The mechanics of fluids (defined as the materials that cannot keep their geometric form on their own, and include both liquids and gases) is both more simple and more complex than that of the elastic solids, with the simplicity falling squarely to the domain of statics. \({ }^{1}\) Indeed, fluids, by definition, cannot resist static shear deformations. There are two ways to express this fact. First, we can formally take the shear modulus \(\mu\), describing this resistance, to equal zero. Then the Hooke’s law (7.32) shows that the stress tensor is diagonal: \[\sigma_{i j^{\prime}}=\sigma_{j j} \delta_{i j^{\prime}}\] Alternatively, the same conclusion may be reached just by looking at the stress tensor definition (7.19) and/or Figure 7.3, and saying that in the absence of shear stress, the elementary interface \(d \mathbf{F}\) has to be perpendicular to the area element \(d A\), i.e. parallel to the vector \(d \mathbf{A}\).

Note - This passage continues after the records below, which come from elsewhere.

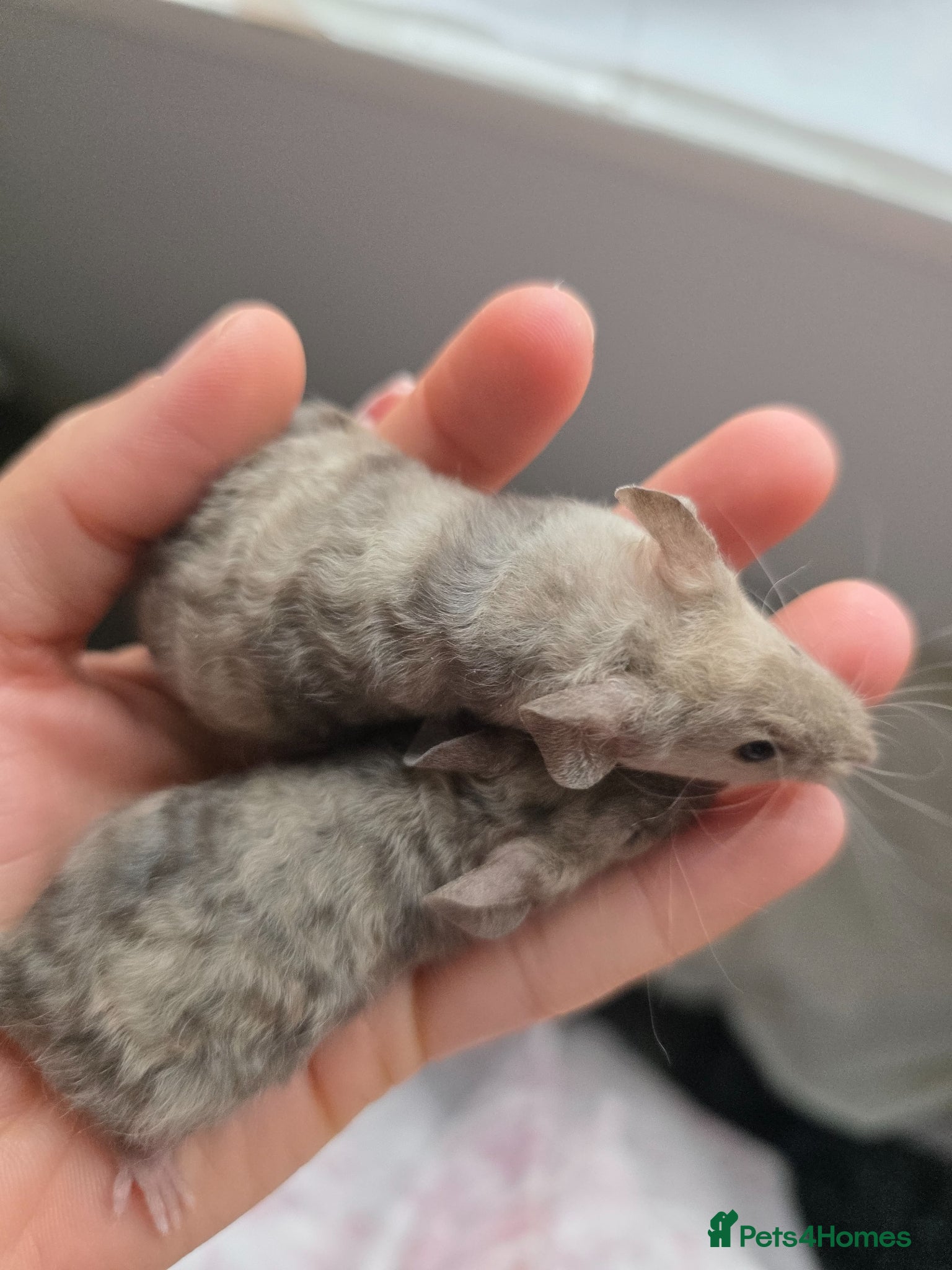 Mouse rodents 8 girls and 1 boy - Advert 1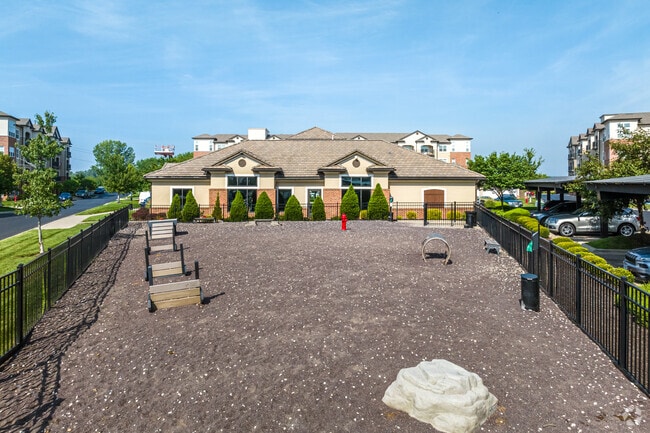 Dog Park - The Landing At Briarcliff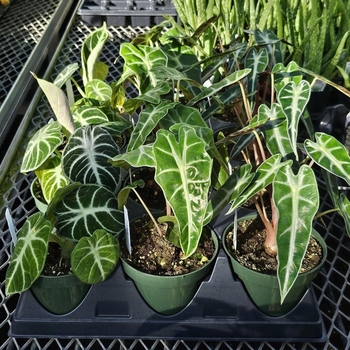 Alocasia 'Multiple Varieties'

Moreover, in fluids at equilibrium, all three diagonal components \(\sigma_{i j}\) of the stress tensor have to be equal. To prove that, it is sufficient to single out (mentally rather than physically), from a static fluid, a small volume in the shape of a right prism, with mutually perpendicular faces normal to the two directions we are interested in - in Figure 1, along the \(x\) - and \(y\)-axes.

Fig. 8.1. Proving the pressure isotropy.

The prism is in equilibrium if each Cartesian component of the vector of the total force exerted on all its faces equals zero. For the \(x\)-component this balance may be expressed as \(\sigma_{x x} d A_{x}-\left(\sigma_{\alpha \alpha} d A\right) \cos \alpha\) \(=0\). However, from the geometry (Figure 1), \(d A_{x}=d A \cos \alpha\), so that the above expression yields \(\sigma_{\alpha \alpha}=\sigma_{x x}\). A similar argument for the \(y\)-component gives \(\sigma_{\alpha \alpha}=\sigma_{y y}\) so that \(\sigma_{x x}=\sigma_{y y}\). Changing the orientation of the prism, we can get such equalities for any pair of diagonal components of the stress tensor, \(\sigma_{j j}\), so that all three of them have to be equal.

This common diagonal element of the stress matrix is usually denoted as \((-\mathcal{P})\), because in the vast majority of cases, the parameter \(\mathcal{P}\), called pressure, is positive. Thus we arrive at the key relation (which has already been mentioned in Sec. 7.2): \[\sigma_{i j^{\prime}}=-\mathcal{P} \delta_{j j^{\prime}}\] In the absence of bulk forces, pressure should be constant through the volume of fluid, due to the translational symmetry. Let us see how this result is affected by bulk forces. With the simple stress tensor (2), the general condition of equilibrium of a continuous medium, expressed by Eq. (7.25) with the left-hand side equal to zero, becomes \[-\frac{\partial \mathcal{P}}{\partial r_{j}}+f_{j}=0,\] and may be re-written in the following convenient vector form: \[-\nabla P+\mathbf{f}=0 .\] In the simplest case of a heavy fluid with mass density \(\rho\), in a uniform gravity field \(\mathbf{f}=\rho \mathbf{g}\), the equation of equilibrium becomes, \[-\nabla \mathcal{P}+\rho \mathbf{g}=0,\] with only one nonzero component (vertical, near the Earth surface). If, in addition, the fluid may be considered incompressible, with its density \(\rho\) constant,\({ }^{2}\) this equation may be readily integrated over the vertical coordinate \((\) say, \(y)\) to give the so-called Pascal equation: \(^{3}\) \[P+\rho g y=\text { const, }\] where the direction of the \(y\)-axis is taken opposite to that of vector \(\mathbf{g}\).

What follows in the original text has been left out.